[Opening Material for this exercise section]
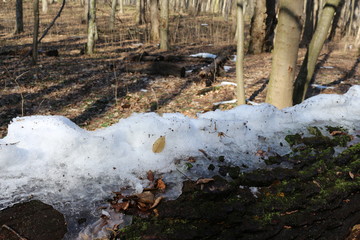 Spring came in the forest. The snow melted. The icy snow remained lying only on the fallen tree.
[Closing Material for this exercise section]
[Opening Material for this exercise section]
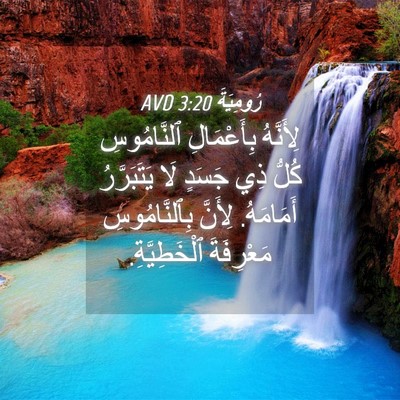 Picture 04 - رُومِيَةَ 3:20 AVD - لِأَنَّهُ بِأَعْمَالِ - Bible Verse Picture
[Closing Material for this exercise section]
[Opening Material for this exercise section]
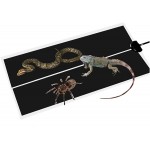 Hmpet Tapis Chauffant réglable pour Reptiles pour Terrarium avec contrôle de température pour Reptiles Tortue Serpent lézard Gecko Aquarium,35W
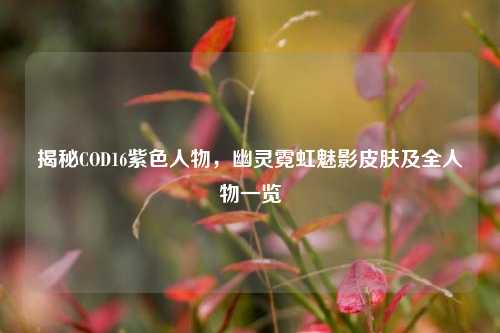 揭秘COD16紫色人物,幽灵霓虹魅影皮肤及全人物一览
[Closing Material for this exercise section]
▶ _Exercise goal_:
Print from the line containing "Hmpet Tapis Chauffant" through the line containing "揭秘COD16紫色人物,幽灵霓虹魅影皮肤及全人物一览" in the data above, exactly as the lines stand, and omit every picture.

▶ _Answer below_:
 Hmpet Tapis Chauffant réglable pour Reptiles pour Terrarium avec contrôle de température pour Reptiles Tortue Serpent lézard Gecko Aquarium,35W
 揭秘COD16紫色人物,幽灵霓虹魅影皮肤及全人物一览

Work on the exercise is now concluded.